Fest steht, dass für die Bewohner von Vossenack und Umgebung, die vor Ausbruch der Schlacht zwangsevakuiert worden waren, das Ende der Kämpfe noch lange keine Erlösung brachte. Dörfer und Weiler waren größtenteils zerstört, der Hürtgenwald glich mit seinen kahlen und zerschossenen Baumstämmen einer Mondlandschaft. Im trockenen Sommer 1947 brannten die Wälder wie Zunder - ein Inferno, ausgelöst auch von herumliegenden Munitionsrückständen und Phosphor. Erst Ende der 1950er Jahren setzte die Wiederaufforstung ein. Im Rückblick scheint es, als ob damit auch sprichwörtlich Gras über die Vergangenheit wuchs.

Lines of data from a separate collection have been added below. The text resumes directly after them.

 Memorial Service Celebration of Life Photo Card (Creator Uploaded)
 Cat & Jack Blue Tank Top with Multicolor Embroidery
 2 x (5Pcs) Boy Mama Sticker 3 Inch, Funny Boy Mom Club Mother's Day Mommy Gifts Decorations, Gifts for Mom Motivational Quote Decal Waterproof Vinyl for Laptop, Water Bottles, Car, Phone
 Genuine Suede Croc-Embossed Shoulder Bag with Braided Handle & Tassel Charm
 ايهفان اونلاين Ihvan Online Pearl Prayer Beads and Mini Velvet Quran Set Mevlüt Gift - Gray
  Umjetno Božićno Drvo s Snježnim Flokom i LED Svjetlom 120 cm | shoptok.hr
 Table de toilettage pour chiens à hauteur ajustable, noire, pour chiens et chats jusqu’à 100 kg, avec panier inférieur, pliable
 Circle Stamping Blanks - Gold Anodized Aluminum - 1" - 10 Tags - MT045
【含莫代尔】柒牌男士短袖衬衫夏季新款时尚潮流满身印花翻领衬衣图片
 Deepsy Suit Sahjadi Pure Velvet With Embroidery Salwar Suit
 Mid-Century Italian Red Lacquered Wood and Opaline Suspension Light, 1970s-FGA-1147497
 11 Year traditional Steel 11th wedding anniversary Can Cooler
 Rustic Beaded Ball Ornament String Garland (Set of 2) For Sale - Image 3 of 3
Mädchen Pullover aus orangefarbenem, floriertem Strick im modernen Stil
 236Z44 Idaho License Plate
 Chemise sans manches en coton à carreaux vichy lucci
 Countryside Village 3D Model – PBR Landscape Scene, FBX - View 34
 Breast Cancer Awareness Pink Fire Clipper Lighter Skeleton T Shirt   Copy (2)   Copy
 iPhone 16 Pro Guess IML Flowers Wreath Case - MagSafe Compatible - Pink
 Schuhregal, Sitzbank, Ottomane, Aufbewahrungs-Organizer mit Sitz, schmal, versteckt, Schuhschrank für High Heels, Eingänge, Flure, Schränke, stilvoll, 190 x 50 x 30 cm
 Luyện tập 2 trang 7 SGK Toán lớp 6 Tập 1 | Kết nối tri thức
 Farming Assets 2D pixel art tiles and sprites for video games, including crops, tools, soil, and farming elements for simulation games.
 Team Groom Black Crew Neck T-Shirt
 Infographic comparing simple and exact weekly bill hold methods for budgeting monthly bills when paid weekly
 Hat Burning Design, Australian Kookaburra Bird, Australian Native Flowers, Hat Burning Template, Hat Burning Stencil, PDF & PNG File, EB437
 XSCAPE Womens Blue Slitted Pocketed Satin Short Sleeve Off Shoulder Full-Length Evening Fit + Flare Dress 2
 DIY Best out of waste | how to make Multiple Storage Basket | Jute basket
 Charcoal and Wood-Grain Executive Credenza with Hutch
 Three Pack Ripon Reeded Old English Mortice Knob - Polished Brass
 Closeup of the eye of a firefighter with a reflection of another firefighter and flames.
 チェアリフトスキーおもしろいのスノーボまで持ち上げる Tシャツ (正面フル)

Gegen das Vergessen arbeiten

"Man" sprach nicht mehr über das düstere Kapitel. Der "Totengräber von Vossenack", Julius Erasmus, der nach dem Krieg unter Lebensgefahr und mit Unterstützung einiger Helfer und des damaligen Pfarrers von Sankt Josef, Werner Eschweiler, über 1.500 Gefallene aus dem von Blindgängern durchsetzten Kampfgebiet barg, starb beinahe vergessen 1971; das erste Buch zur "Hölle im Hürtgenwald" erschien 1981; ein Dokumentarfilm "You enter Germany" folgte 2007.

Jetzt, wo die letzten Zeitzeugen sterben, arbeiten Heckmann und seine Mitstreiter gegen das Vergessen an. "Die Menschheit hat nicht viel gelernt", sagt er mit Blick auf die aktuellen Krisen. Der Boden des Hürtgenwalds wird die Vergangenheit wohl noch lange speichern. Immer noch sucht die US-Armee rund 150 Soldaten, die im Gebiet der heutigen Gemeinde Hürtgenwald vermisst werden.